- Data segment -
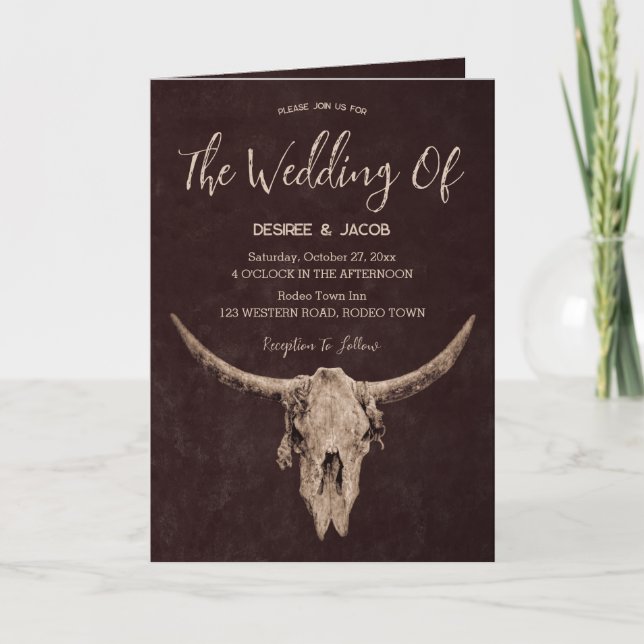 Invitación Country Western Brown Rustic Bull Skull (Anverso)
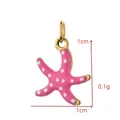 Close-up view of a pink enamel starfish charm with white polka dots for DIY jewelry - Pink White Dotted Starfish (BXGPJ273)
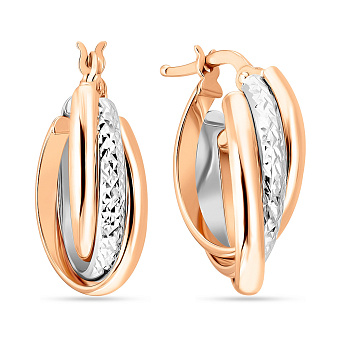 Фото Серьги из комбинированного золота (арт. 105202/25кб)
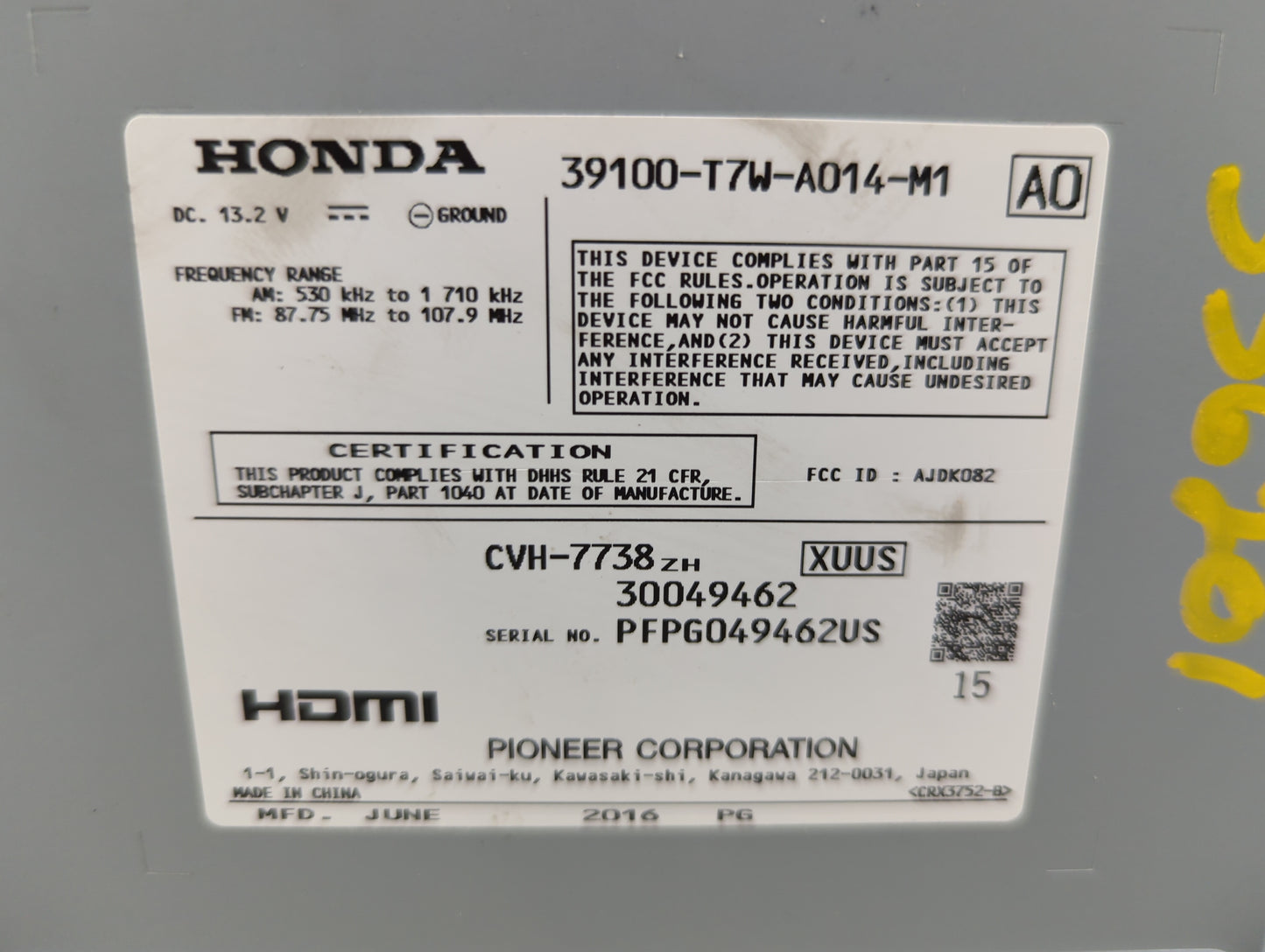 2016 Honda Hr-v Information Display Screen - Oemusedautoparts1.com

- Problem statement -
Set down the material exactly as given, but print none of the pictures.

- Answer to this problem -
 Invitación Country Western Brown Rustic Bull Skull (Anverso)
 Close-up view of a pink enamel starfish charm with white polka dots for DIY jewelry - Pink White Dotted Starfish (BXGPJ273)
 Фото Серьги из комбинированного золота (арт. 105202/25кб)
 2016 Honda Hr-v Information Display Screen - Oemusedautoparts1.com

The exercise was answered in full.